As Nigeria trials superfast 5G networking, there’s no shortage of hype over how the next generation of wireless technology could leapfrog Africa into the high-speed internet age. Here’s what you need to know.

The twittersphere was buzzing last October with news that the telecommunications company MTN had started testing 5G superfast mobile internet in Nigeria, a first for West Africa.

 Gabon is also holding trials, while Lesotho and South Africa have 5G networks up and running.

But according to the GSMA, 5G is coming to the African continent, but not anytime soon. GSMA Africa Head Akinwale Goodluck hasa said 5G is inevitable for Sub-Saharan Africa, but it is not imminent.

“5G is going to be a big enabler for the economy. 5G will drive efficiency in a lot of complex operations, but for us in Sub-Saharan Africa, we still need to get quite a few things right before we can roll out 5G,” Goodluck said.

However, he still believes that 5G will ultimately be “a big game changer” globally and also for those who live in Sub-Saharan Africa (SSA).

“I think historically Africa has done pretty well in terms of leapfrogging – we have had the benefit and opportunity of learning from other jurisdictions as a new standard is implemented. I think 5G will be no different,” he said.

“One thing that is clear is that our 4G pipes are still relatively empty; the average across the region is still below 10%, in terms of throughput, so there is a lot of work still to be done in terms of filling up the 4G pipes and rolling out the 4G networks. [After that] 5G will come.”

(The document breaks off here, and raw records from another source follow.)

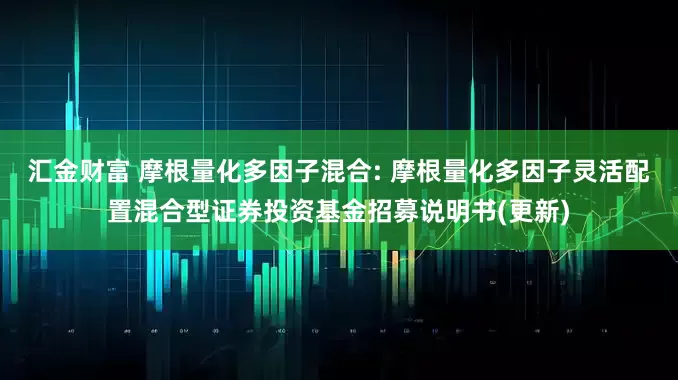 汇金财富 摩根量化多因子混合: 摩根量化多因子灵活配置混合型证券投资基金招募说明书(更新)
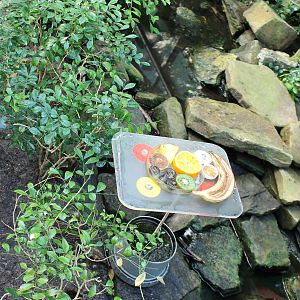 Butterfly feeding place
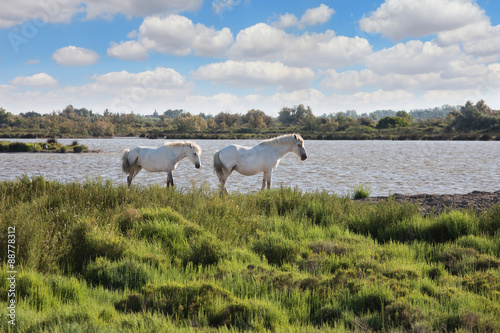 Fototapeta Naklejka Na Ścianę i Meble -  Pair of white horses grazing in Rhone Delta, Provence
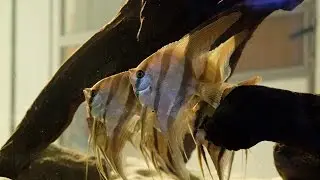 Pterophyllum altum 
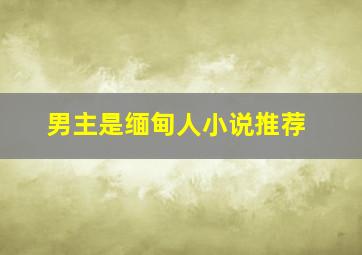 男主是缅甸人小说推荐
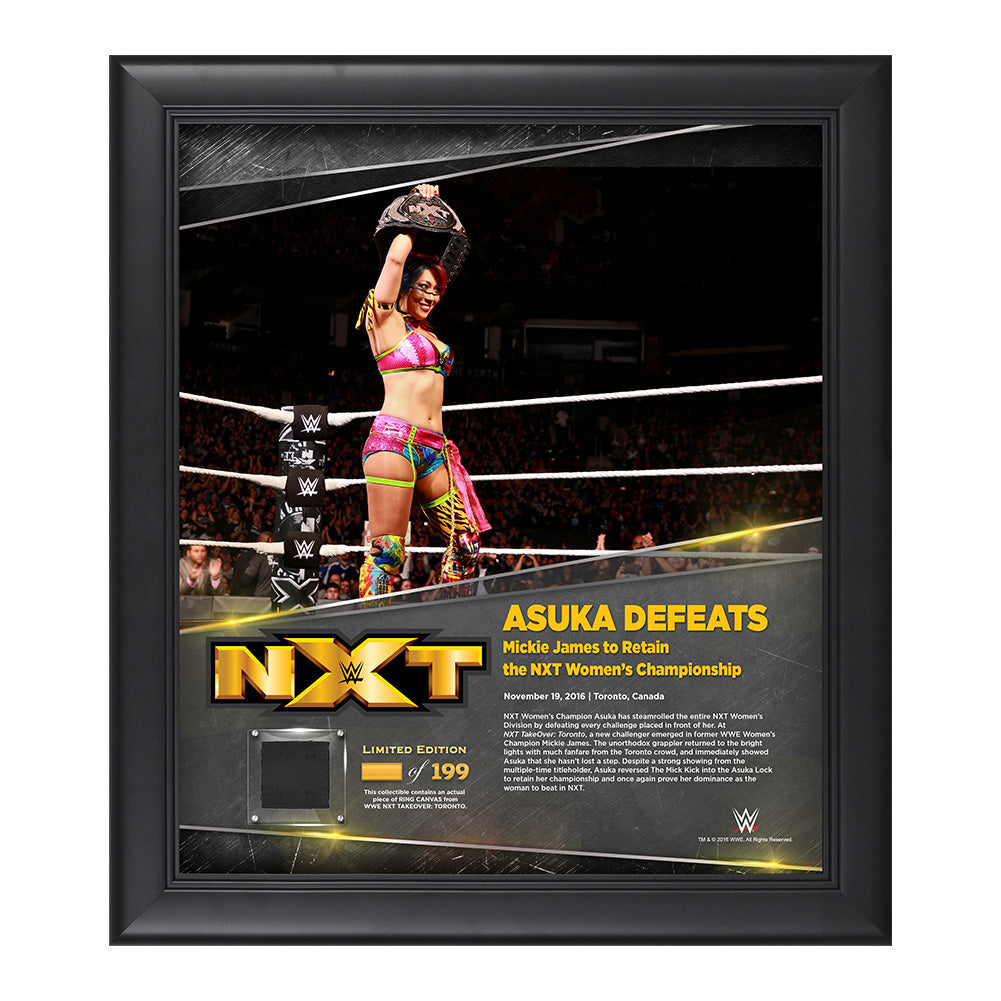 Asuka TakeOver Toronto 15 x 17 Framed Plaque w Ring Canvas Pwcatalog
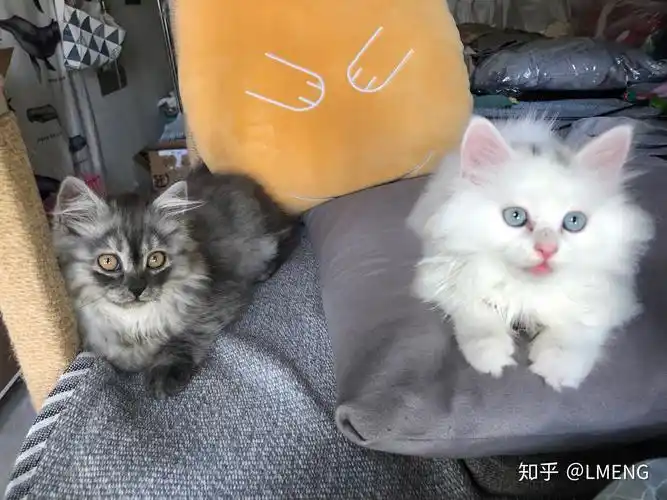 英短和土猫串串的宝宝长大了是什么样? - 知乎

According to statistics from GSMA, which represents the interests of around 750 mobile operators worldwide, in 2018 SSA’s mobile Internet users only made up 23% of the population. GSMA projects this will rise to 39% in 2025. It also predicts that by 2025, smartphones will make up 66% of all connections in SSA.

When will 5G be available in Africa?

It’s still early days so don’t hold your breath. Lesotho and South Africa are the only African countries where 5G is commercially available, but the services are extremely limited.

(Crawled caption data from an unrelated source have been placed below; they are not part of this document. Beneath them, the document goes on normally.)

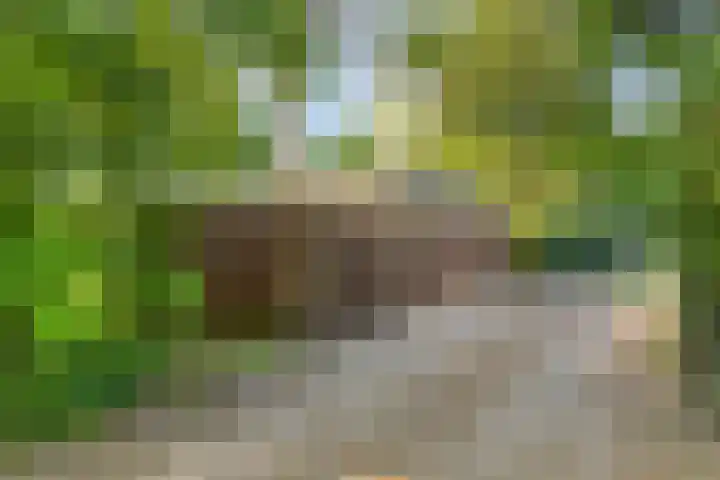 Eexterkoele 4 Eext thumbnail 39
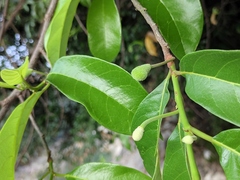 Artocarpus hypargyreus
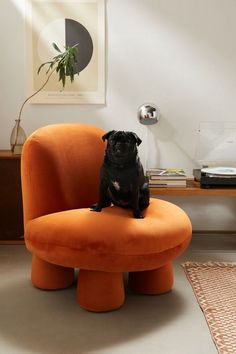 a small black dog sitting on an orange chair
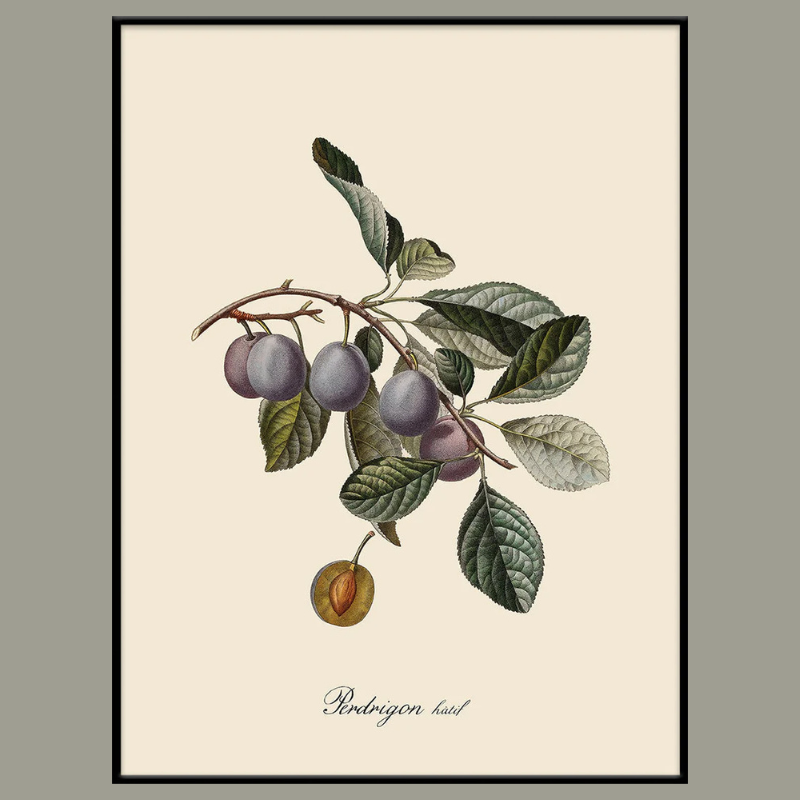 Prunes Botanical Framed Art Print - Black Frame - Uneeka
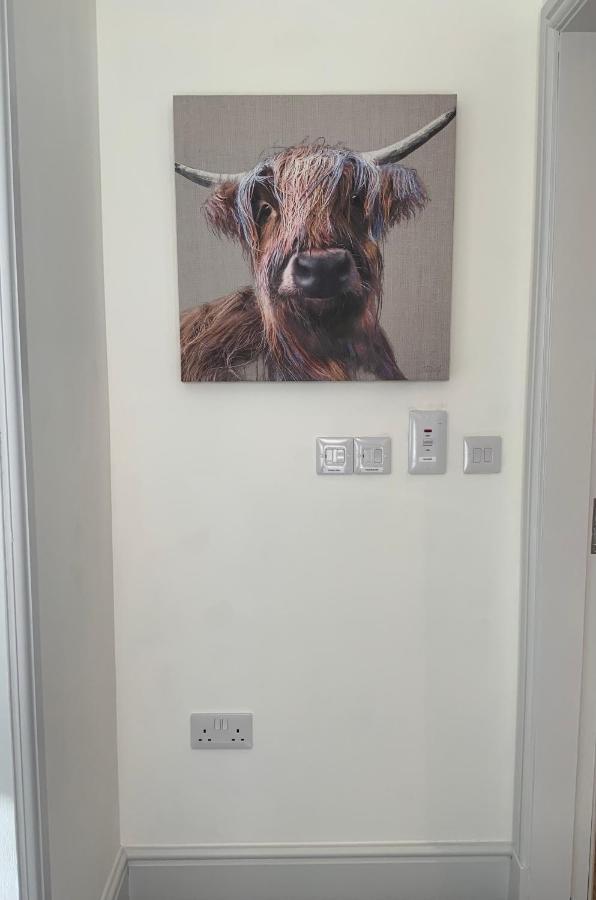 Deeside Snugs Apartments Kincardine O'Neil Esterno foto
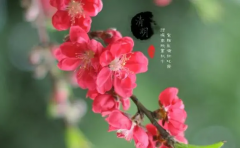 2023年清明节要过路费吗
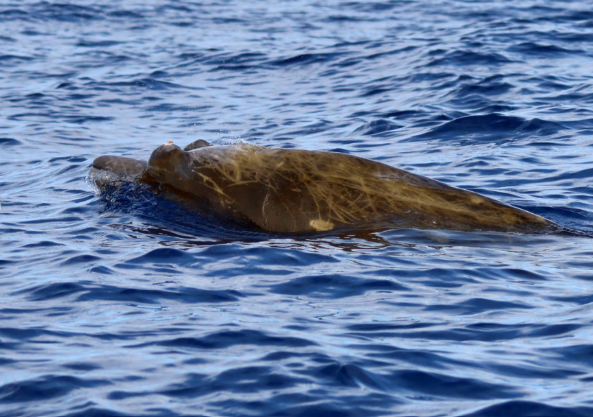 Au large de Saint-Pierre, ces mystérieuses baleines fascinent les scientifiques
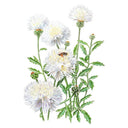 The Bride Bachelor's Button Seeds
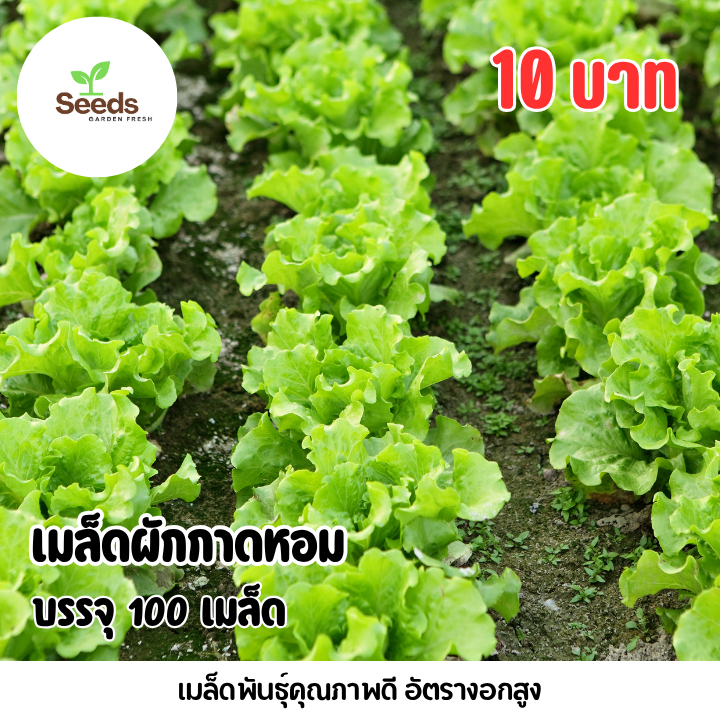 เมล็ดผักกาดหอมสลัด บรรจุ 100 เมล็ด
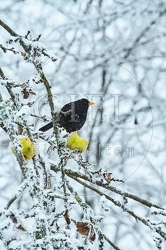 096457 Amsel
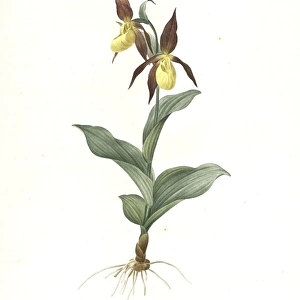 Cypripedium Calceolus, Sabot des Alpes;Eurasian Yellow Lady-Slipper, Ladies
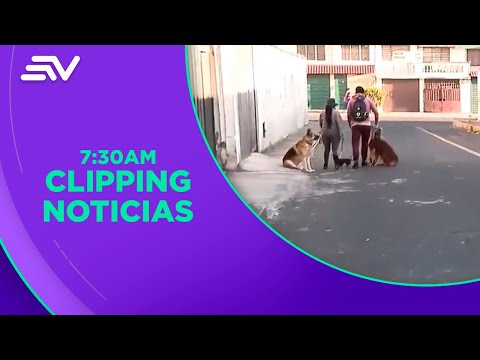 Vecino de Cotocollao rescata a perrito que fue abandonado | Televistazo en la Comunidad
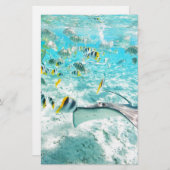 熱帯魚 便箋 (正面/裏面)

In Lesotho, only the Central Bank and a mining company can use 5G so far.

In South Africa, the data provider Rain is offering 5G to a select group of customers in Johannesburg and Tshwane, a municipality that includes Pretoria.

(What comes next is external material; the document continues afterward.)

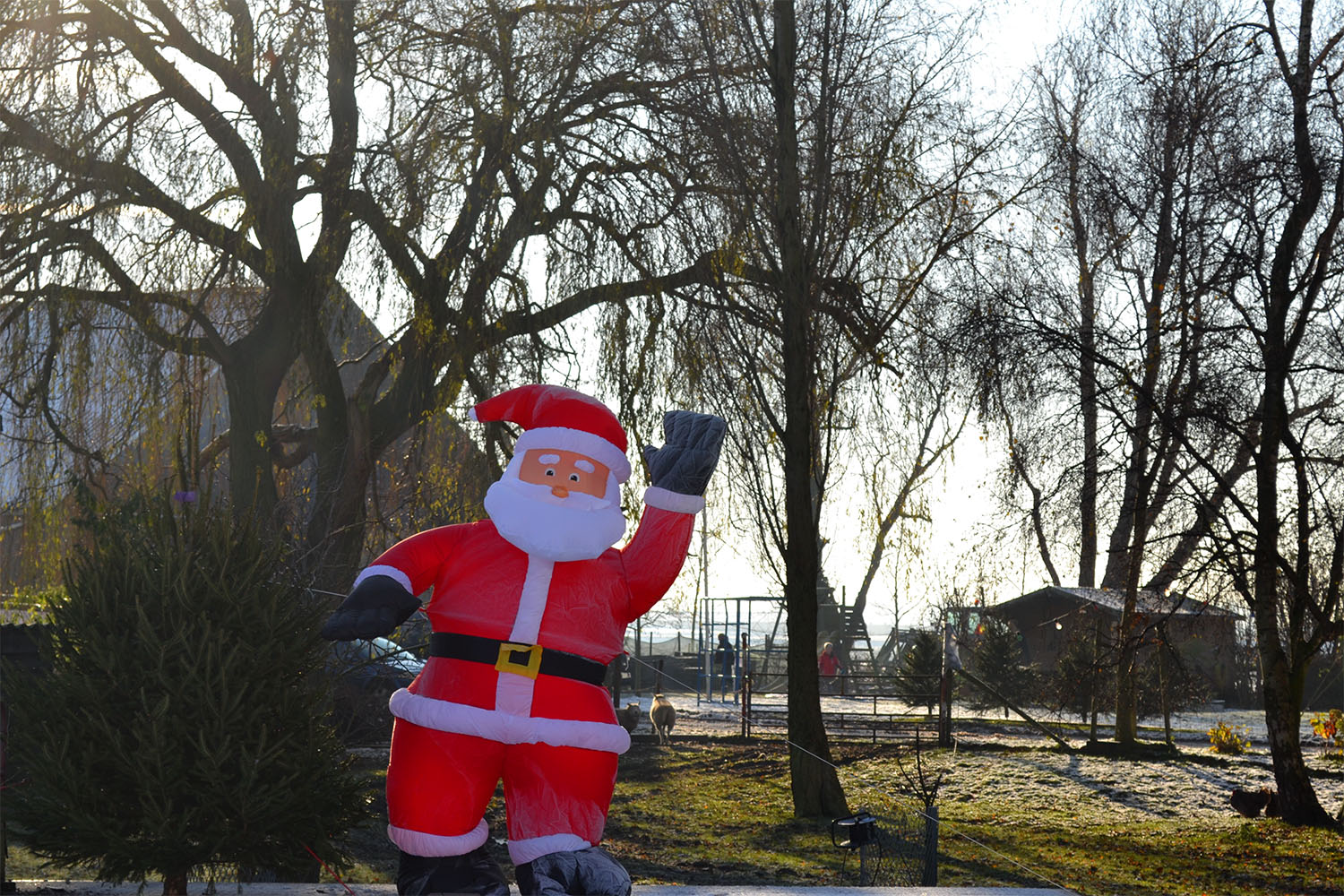 Nordmann Excellent kerstbomen Hoofddorp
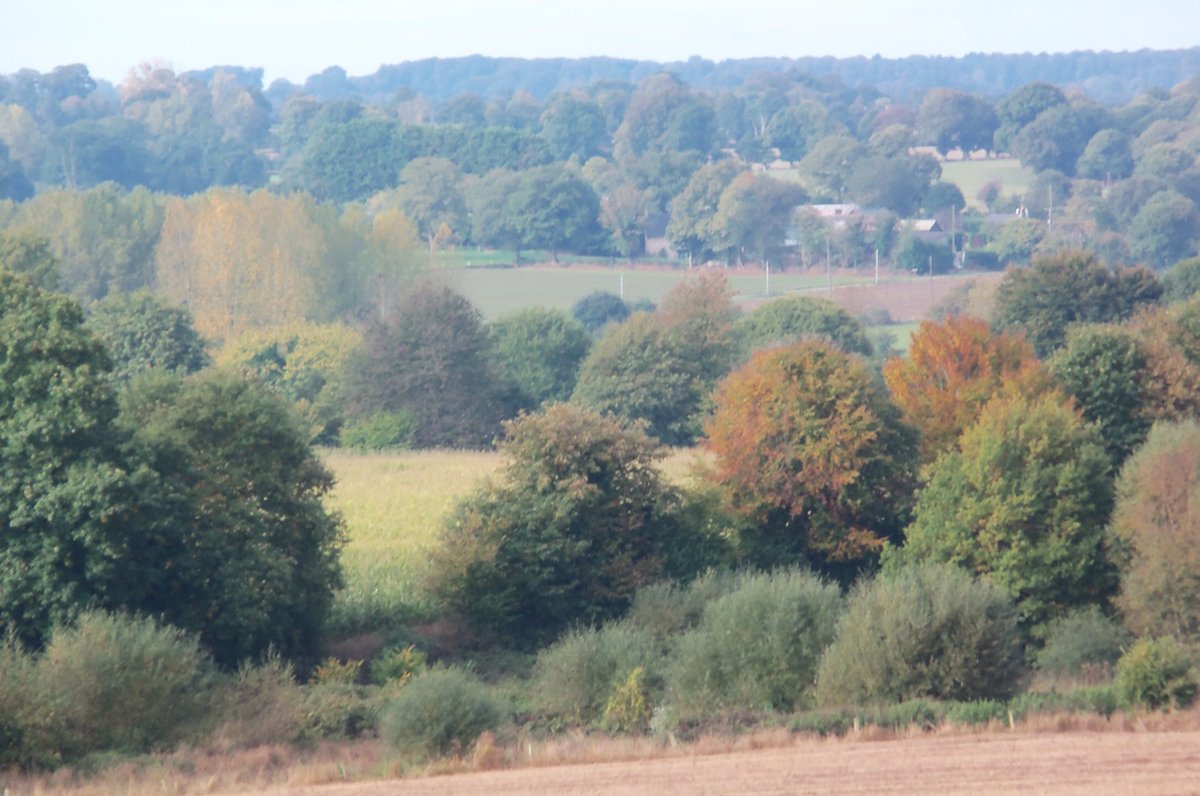 Philip_Topping's tweet photo. Nice walk this morning. https://t.co/EVHJGuRu6S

Only seven African countries, according to GSMA, including South Africa, Nigeria and Kenya, will have 5G by 2025. And this will account for only 3% of mobile data compared to 16% globally.

It’s assumed enterprises and public institutions, rather than consumers, will be the initial 5G customers and that they’ll access 5G via a fixed access point – something like a 5G hotspot beamed into a business – rather than using it as a mobile service on their smartphones.

African governments haven’t yet developed the regulations that would allow for a 5G rollout. In addition, mobile operators face huge infrastructure costs and that they aren’t sure how they’ll recoup.

Mobile carriers on the continent can’t launch full 5G services until each country’s communications regulator holds a spectrum auction to sell the rights to transmit over specific frequencies. (Rain in South Africa can only provide 5G because its using it existing spectrum to transmit the signal.)

Mobile operators also need to build the vast network of masts or antennas to transmit the signals.

For carriers, rolling out 5G services entails expensive investment – and in the African context, they aren’t sure it is worth it.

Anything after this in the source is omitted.